Fennigan's jaw locked. His glowing silver eyes burned with lethal restraint. The rat was right. An Alpha's vow was absolute, bound by the ancient laws of their kind. To break it was to dishonor his own wolf.
But a Beta had no such restrictions.
The heavy, metallic clack of a slide racking back cut sharply through Miller's pathetic sobs.
Before Miller could utter another single syllable, Jax raised his own sidearm and pulled the trigger.
BANG.
The tech expert’s eyes went wide for a fraction of a second before he crumpled to the cold rock floor, instantly dead before his body even fully registered the shot.
Jax slowly lowered his gun. His massive chest heaved, his silver eyes completely devoid of mercy as he stared down at the traitor's bleeding body.
"But I never gave mine," Jax stated flatly, his voice a smooth, lethal drawl.
Fennigan didn't blink. He didn't offer a single word of reprimand to his brother. The Alpha simply holstered his weapon, turned his back on the corpse, and stepped over the puddle of silver goo.
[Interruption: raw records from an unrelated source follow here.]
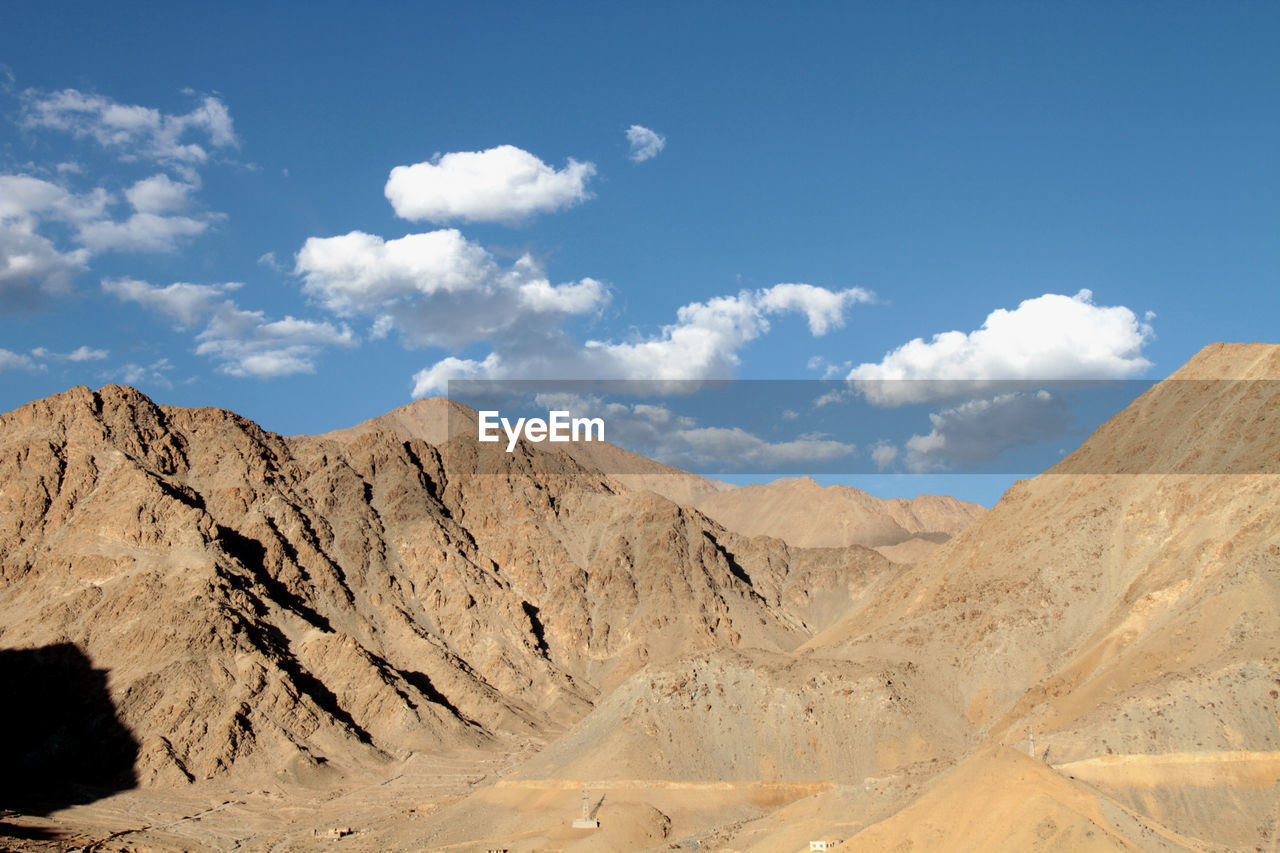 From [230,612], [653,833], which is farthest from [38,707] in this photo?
[653,833]

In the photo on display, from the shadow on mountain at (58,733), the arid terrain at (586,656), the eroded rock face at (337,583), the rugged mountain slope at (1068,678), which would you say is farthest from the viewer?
the eroded rock face at (337,583)

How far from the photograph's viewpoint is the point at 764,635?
12138 cm

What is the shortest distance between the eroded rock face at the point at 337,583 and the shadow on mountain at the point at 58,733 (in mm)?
1318

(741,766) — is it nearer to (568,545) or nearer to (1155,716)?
(1155,716)

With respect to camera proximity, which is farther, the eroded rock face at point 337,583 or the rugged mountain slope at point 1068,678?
the eroded rock face at point 337,583

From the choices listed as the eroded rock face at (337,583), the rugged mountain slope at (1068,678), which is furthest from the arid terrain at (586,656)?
the eroded rock face at (337,583)

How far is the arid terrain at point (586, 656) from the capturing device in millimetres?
44969

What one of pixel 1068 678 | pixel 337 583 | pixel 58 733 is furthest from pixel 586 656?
pixel 1068 678

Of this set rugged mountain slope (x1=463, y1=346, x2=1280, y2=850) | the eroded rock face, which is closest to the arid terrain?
rugged mountain slope (x1=463, y1=346, x2=1280, y2=850)

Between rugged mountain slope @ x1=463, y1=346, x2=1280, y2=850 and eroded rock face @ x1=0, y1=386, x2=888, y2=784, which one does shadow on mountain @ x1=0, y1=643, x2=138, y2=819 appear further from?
rugged mountain slope @ x1=463, y1=346, x2=1280, y2=850

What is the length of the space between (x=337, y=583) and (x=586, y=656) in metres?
27.6

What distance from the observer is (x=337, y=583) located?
111000 mm

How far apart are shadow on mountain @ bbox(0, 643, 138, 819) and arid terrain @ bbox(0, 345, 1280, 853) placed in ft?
0.88

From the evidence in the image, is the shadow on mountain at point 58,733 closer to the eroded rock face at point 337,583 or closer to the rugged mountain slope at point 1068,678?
the eroded rock face at point 337,583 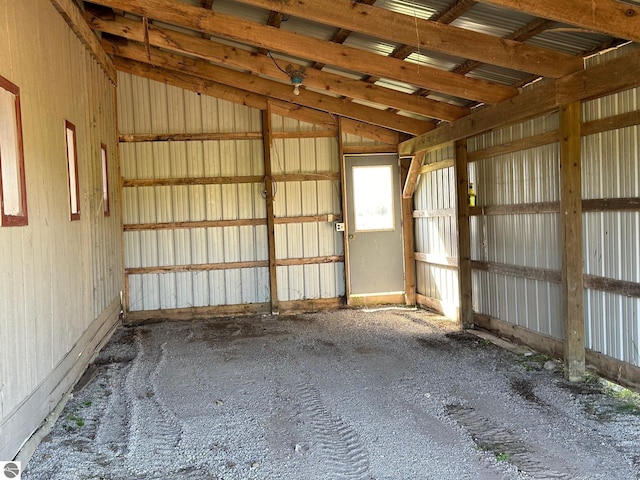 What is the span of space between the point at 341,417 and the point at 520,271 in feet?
9.24

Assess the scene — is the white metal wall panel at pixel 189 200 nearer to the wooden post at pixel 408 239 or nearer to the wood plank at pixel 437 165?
the wooden post at pixel 408 239

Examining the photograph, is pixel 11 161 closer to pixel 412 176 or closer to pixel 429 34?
pixel 429 34

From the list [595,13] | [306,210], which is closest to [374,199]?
[306,210]

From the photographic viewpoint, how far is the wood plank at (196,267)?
865cm

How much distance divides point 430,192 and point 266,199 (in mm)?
2521

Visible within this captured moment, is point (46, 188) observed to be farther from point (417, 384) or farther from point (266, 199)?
point (266, 199)

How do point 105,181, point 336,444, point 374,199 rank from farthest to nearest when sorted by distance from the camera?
1. point 374,199
2. point 105,181
3. point 336,444

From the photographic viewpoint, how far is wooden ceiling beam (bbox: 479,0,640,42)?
11.9ft

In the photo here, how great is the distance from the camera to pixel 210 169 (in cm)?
874

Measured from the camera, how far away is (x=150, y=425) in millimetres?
4031

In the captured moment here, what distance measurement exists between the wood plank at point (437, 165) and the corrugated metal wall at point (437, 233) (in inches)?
1.3

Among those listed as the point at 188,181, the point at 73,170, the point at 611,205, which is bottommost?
the point at 611,205

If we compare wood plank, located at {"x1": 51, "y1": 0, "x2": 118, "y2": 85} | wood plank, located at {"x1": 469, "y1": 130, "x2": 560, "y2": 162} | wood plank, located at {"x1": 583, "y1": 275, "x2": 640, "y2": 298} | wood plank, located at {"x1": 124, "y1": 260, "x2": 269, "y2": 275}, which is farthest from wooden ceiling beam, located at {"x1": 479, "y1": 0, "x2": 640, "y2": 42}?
wood plank, located at {"x1": 124, "y1": 260, "x2": 269, "y2": 275}

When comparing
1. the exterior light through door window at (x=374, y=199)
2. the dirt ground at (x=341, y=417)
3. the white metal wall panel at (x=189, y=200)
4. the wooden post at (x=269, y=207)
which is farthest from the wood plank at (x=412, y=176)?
the dirt ground at (x=341, y=417) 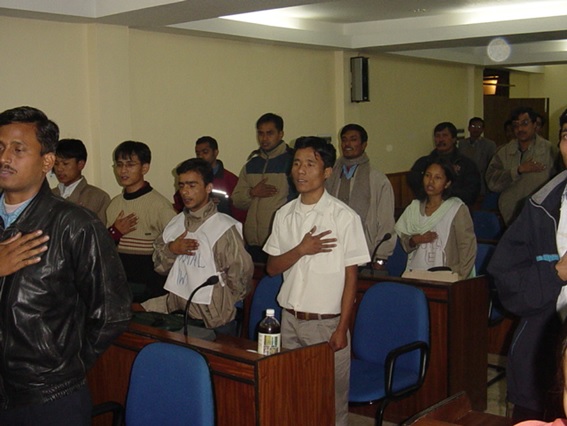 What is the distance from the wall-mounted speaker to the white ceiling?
0.16m

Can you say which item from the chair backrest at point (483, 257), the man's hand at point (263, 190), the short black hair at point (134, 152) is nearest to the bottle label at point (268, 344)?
the short black hair at point (134, 152)

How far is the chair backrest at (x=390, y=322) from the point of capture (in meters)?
3.40

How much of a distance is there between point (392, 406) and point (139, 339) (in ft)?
5.49

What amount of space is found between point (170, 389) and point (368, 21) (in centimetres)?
646

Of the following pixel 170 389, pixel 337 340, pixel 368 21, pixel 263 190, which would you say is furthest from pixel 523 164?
pixel 170 389

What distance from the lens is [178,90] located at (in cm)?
670

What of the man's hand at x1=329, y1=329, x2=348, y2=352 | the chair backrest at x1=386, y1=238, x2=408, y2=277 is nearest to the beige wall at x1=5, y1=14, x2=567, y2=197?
the chair backrest at x1=386, y1=238, x2=408, y2=277

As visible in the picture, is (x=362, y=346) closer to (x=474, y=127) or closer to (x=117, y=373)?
(x=117, y=373)

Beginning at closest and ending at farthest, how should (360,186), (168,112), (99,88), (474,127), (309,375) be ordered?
(309,375)
(360,186)
(99,88)
(168,112)
(474,127)

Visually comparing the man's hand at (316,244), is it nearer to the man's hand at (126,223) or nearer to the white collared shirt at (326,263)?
the white collared shirt at (326,263)

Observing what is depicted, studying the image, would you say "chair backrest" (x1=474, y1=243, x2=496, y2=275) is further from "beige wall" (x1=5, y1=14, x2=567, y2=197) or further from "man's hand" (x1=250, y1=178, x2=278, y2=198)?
"beige wall" (x1=5, y1=14, x2=567, y2=197)

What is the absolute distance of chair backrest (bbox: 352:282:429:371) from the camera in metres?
3.40

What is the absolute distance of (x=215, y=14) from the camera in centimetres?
524

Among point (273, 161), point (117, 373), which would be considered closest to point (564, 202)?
point (117, 373) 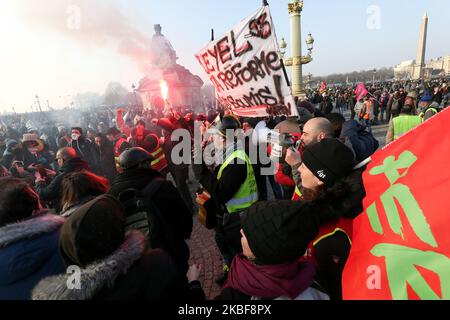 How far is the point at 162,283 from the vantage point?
147 cm

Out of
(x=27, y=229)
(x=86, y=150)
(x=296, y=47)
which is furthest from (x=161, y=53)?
(x=27, y=229)

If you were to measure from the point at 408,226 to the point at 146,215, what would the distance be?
2138mm

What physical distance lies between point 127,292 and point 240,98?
3.01 meters

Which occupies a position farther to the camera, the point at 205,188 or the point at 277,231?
the point at 205,188

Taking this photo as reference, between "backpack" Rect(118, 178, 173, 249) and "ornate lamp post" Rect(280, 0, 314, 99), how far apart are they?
19433 millimetres

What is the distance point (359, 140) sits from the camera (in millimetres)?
3717

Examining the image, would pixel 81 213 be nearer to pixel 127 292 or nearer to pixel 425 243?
pixel 127 292

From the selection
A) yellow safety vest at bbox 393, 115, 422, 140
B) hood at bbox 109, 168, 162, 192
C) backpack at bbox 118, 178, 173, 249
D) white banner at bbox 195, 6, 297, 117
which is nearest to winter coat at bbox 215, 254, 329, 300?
backpack at bbox 118, 178, 173, 249

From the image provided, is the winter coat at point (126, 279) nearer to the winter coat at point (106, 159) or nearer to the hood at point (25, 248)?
the hood at point (25, 248)

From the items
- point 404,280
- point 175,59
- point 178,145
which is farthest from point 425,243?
point 175,59

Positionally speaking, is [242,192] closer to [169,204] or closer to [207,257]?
[169,204]

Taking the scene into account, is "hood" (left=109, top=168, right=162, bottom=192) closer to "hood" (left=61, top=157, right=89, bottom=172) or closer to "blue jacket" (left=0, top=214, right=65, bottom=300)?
"blue jacket" (left=0, top=214, right=65, bottom=300)

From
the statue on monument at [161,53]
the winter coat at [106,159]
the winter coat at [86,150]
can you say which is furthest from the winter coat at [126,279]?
the statue on monument at [161,53]

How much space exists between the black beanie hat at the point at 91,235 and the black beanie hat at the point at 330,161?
142 centimetres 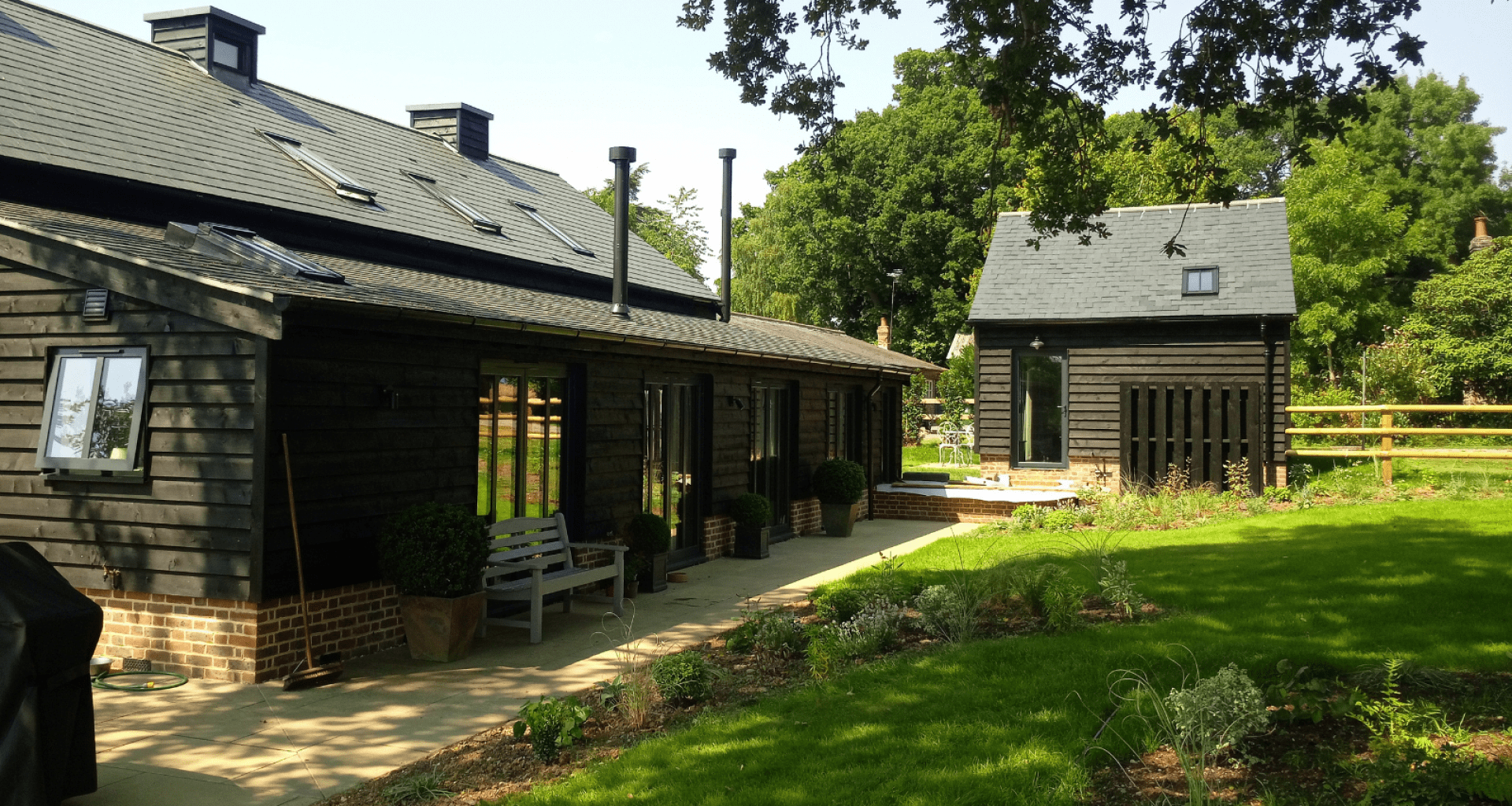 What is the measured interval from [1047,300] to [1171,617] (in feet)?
39.8

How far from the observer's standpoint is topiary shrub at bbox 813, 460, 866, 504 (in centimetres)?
1499

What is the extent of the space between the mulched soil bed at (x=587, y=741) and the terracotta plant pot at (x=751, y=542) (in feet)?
17.5

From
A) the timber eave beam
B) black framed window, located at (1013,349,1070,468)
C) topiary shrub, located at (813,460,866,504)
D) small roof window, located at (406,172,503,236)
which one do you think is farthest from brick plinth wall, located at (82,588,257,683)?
black framed window, located at (1013,349,1070,468)

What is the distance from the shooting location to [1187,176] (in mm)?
9023

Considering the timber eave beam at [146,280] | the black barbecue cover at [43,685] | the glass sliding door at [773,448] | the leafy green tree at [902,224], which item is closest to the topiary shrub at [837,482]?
the glass sliding door at [773,448]

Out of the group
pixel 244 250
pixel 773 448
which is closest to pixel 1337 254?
pixel 773 448

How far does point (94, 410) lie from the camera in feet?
24.0

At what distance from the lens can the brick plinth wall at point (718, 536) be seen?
12.5 metres

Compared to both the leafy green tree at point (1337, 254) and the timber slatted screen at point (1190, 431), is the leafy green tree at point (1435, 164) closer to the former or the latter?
the leafy green tree at point (1337, 254)

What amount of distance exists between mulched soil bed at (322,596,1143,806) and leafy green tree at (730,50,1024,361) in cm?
3162

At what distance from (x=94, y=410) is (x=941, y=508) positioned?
39.7ft

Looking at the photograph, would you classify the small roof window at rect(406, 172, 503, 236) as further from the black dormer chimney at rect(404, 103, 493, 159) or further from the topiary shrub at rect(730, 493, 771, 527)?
the topiary shrub at rect(730, 493, 771, 527)

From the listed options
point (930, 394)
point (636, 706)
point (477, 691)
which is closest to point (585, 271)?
point (477, 691)

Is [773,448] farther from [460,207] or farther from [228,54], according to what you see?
[228,54] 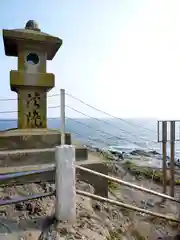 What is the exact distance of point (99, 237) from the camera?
276cm

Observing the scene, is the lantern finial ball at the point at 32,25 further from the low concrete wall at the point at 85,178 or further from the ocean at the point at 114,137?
the low concrete wall at the point at 85,178

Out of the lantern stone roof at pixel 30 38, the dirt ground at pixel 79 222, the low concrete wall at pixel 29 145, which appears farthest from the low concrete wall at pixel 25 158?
the lantern stone roof at pixel 30 38

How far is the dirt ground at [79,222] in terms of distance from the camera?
8.69 ft

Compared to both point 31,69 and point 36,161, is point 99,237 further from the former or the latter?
point 31,69

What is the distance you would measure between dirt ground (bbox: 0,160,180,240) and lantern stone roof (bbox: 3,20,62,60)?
4171mm

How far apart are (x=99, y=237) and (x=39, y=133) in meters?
3.38

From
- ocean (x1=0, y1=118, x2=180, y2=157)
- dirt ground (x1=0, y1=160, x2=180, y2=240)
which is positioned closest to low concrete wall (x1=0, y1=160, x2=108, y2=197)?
dirt ground (x1=0, y1=160, x2=180, y2=240)

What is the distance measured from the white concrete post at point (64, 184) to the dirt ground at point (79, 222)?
0.16m

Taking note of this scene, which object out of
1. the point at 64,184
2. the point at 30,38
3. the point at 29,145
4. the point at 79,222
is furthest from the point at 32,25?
the point at 79,222

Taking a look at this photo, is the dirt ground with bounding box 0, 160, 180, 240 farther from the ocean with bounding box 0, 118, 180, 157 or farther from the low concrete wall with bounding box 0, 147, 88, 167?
the ocean with bounding box 0, 118, 180, 157

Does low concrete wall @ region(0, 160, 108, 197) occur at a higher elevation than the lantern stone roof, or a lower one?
→ lower

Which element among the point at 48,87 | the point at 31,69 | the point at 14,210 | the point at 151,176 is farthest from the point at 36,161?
the point at 151,176

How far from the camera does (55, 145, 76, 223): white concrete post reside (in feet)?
9.05

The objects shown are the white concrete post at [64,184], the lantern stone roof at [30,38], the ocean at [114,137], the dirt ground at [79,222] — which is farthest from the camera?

"Grab the ledgers," Fennigan ordered.
For the next two grueling hours, the brothers worked in heavy, exhausted silence. The sheer volume of Damon's madness was staggering, but they couldn't afford to leave a single page behind.
Jax and Fennigan hauled armfuls of thick leather journals, genetic blueprints, and heavy steel lockboxes out of the Vault, stacking them meticulously in the damp dirt of the raw tunnel outside the titanium door. They completely stripped the filing cabinets bare. Every single invoice, every twisted medical note, and every piece of paper linking Damon to Vane, the High Council, and the butchery of innocent pups was secured.
Finally, Jax dropped the last stack of manila folders onto the pile in the hallway. He wiped his soot-stained, sweat-slicked brow with the back of his forearm and turned to look back inside the Vault.
The nightmare cathedral was finally empty of its secrets, but the physical horrors remained.
The petri dishes holding Elana and Ginny's tissues still sat on the bloody table. The pulsing elemental bone remained clamped in the iron vice, crackling with blue electricity. Miller's body lay near the door, and the dead, mutated clone heart rotted on the floor amidst the pooling silver goo.
"We have everything we need to hang the Council," Jax rasped, his voice raw from the physical and emotional exhaustion of the night. "Now we just have to figure out how to wipe this room off the face of the earth."
Fennigan crossed his massive arms, his boots resting on the threshold of the titanium door. "Standard explosives won't do it. Miller said Vane designed the wards himself. Magical barriers will just absorb the blast, and this titanium core is built to withstand a literal cave-in."